By Jacob Stockinger
Will all the schedule tinkering by Wisconsin Public Radio ever stop or slow down? And what does it all mean? Could WPR’s New and Classical Network (WERN 88.7 FM is the Madison area) be moving bit by bit from classical music to news, talk and popular music and more towards the programming on the AM Ideas Network?
Well, one can hope not, but I fear so. The future will tell and I hope I am wrong. But it sure seems like a good time to raise the question — especially given the remarks at bottom of this posting by WPR’s new director Mike Crane about how easy it is to find alternative sources to radio for listening to music.
True, Wisconsin Public Radio already boasts more hours of classical music programming than many, maybe even most, public radio stations around the U.S. And we who live in the area and state are deeply grateful for that.

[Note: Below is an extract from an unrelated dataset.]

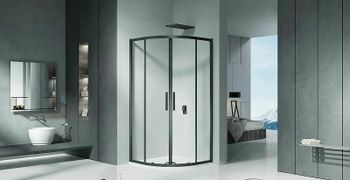 Душевой уголок Good Door Cofe R-80-C-B 80x80 КФ00001 профиль Черный стекло прозрачное — фото 3, Душевые уголки четверть круга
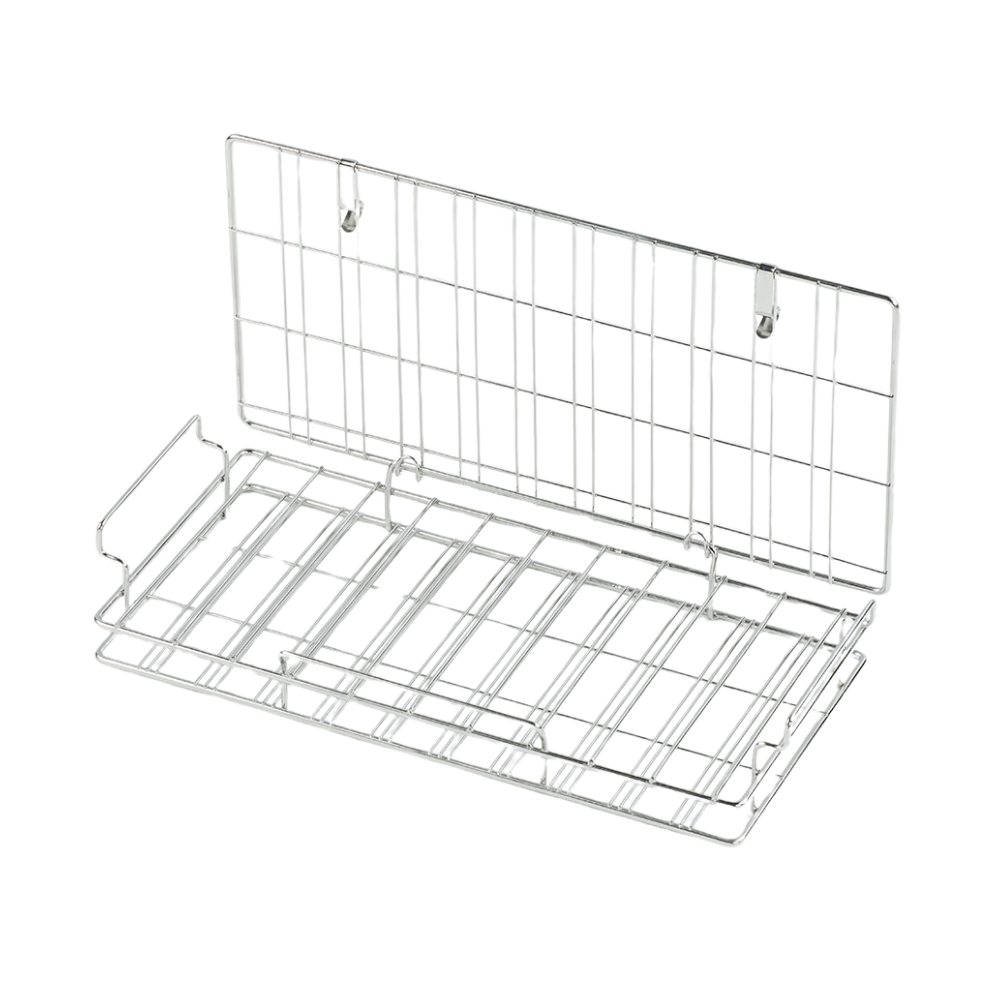 The Melipul cup rinsing basket made of stainless steel in large (1 piece) from Helmut Schwarz GmbH is a rectangular metal wire storage rack with a grid design, perfect for hygienic cleaning. It features hooks for wall mounting and has a flat bottom, making it ideal for organizing the stainless steel cup rinsing basket. The rack is presented against a plain white background.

But could it be that after a very successful year of fundraising, which now WPR even trumpets often in ads, that WPR is adopting the salami tactic of gradually reducing its music programming by cutting away thin slices of classical music in order to expand news, talk shows (like the call-in Joy Cardin Show, below) and more popular forms of music?
It sure seems like a solid possibility, given some of the new schedule changes that start Monday and that put one hour LESS of classical music per weekday on the air.
And that comes in the wake of other recent schedules changes that cut back on early morning classical music on the weekends in order to add in “Whad’Ya Know Radio Hour” with Madison celebrity Michael Feldman (below) and “To the Best of Our Knowledge” – not what I like to wake up to. Give me music!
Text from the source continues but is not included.